But there indeed is the rub. I don’t take his press-bashing personally; as a fellow journalist says, “If I wanted to be liked, I’d drive an ice cream truck.” I’m more interested in why he’s bashing the press - and it’s really no mystery. It’s a survival tactic that plays to the cultural grievances of his credulous base.
Trump’s sole ideology is self-preservation, and what he sorely needs - as his relations with Hill Republicans continue to erode, as his legislative agenda teeters toward DOA, as Bob Mueller and the congressional probes continue to tighten the noose - is love and reassurance from his loyal 35 percent.
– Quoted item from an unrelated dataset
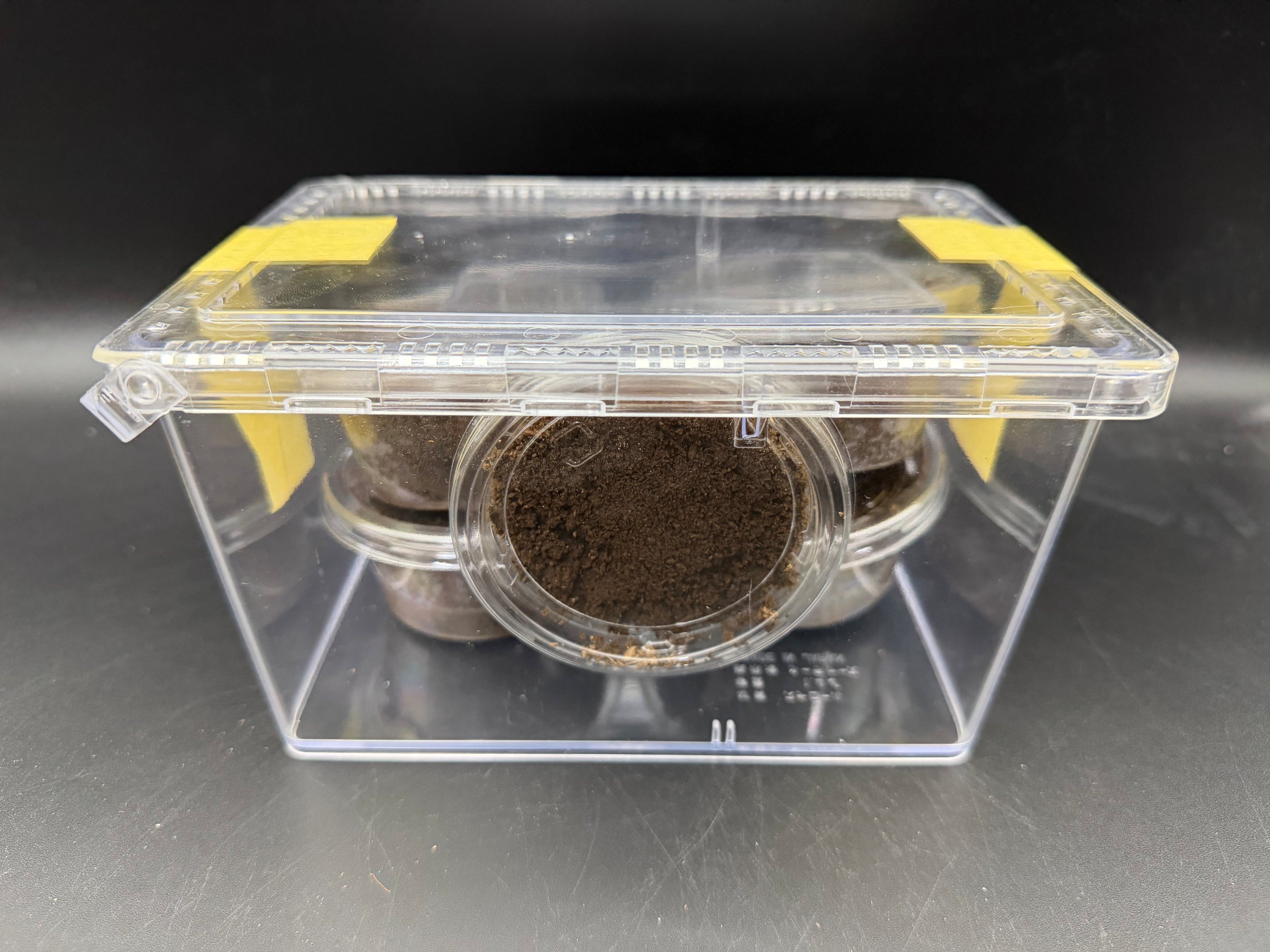 微針専用台（白色ポリエチレンフォーム製） 50個入 | KPW公式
If he can keep them happy, distracting them from his own failings by feeding them an enemy, by professing to hate the same “elites” they hate, he’ll have the best shot at hanging onto his job.
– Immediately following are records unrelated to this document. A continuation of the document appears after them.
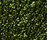 Shiny 2500 | OBJECT CARPET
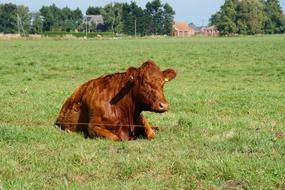 young brown cow resting on a meadow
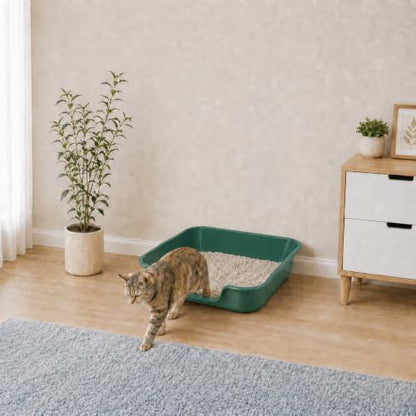 Extra Large Low Entry ABS Cat Litter Box, 2 Pack - Image 4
Basically, as we saw in Phoenix, the press is a stand-in for all the “elite” cultural and economic institutions that tick off the 35 percent: academia, Hollywood, scientists, Wall Street - whatever forces are perceived as being “arrogant” toward ordinary people. This kind of populism, this hostility toward “elites,” has long been a sporadic feature of American politics, dating back to the 19th century, and it was probably just a matter of time before a demagogic marketer came along.
It doesn’t matter that Trump has no particular interest in ordinary people. As the irrepressible columnist Charles Pierce tells the fans, Trump is “a guy who wouldn’t have 15 seconds for you on the street.” It doesn’t matter that he’s a showhorse instead of a workhorse, and that his promises to ordinary people are smoke in the wind. What matters is that he feeds their visceral needs.
Bashing the “elite” press validates all the years they’ve spent screaming at the TV and fuming at the printed facts they’re prefer not to know. Hollywood and Wall Street and academia don’t go to the rallies; journalists are there in the flesh, convenient targets for the fans’ hostility, unwilling pawns in Trump’s cynical game.
But in truth, the fans are his pawns.
If or when Trump is hit by the perfect storm, he’s counting on them to serve as his insurance policy. The big question - as the press relentlessly soldiers on, placing its faith in the accretion of facts - is whether Trump’s elite-haters will provide sufficient coverage.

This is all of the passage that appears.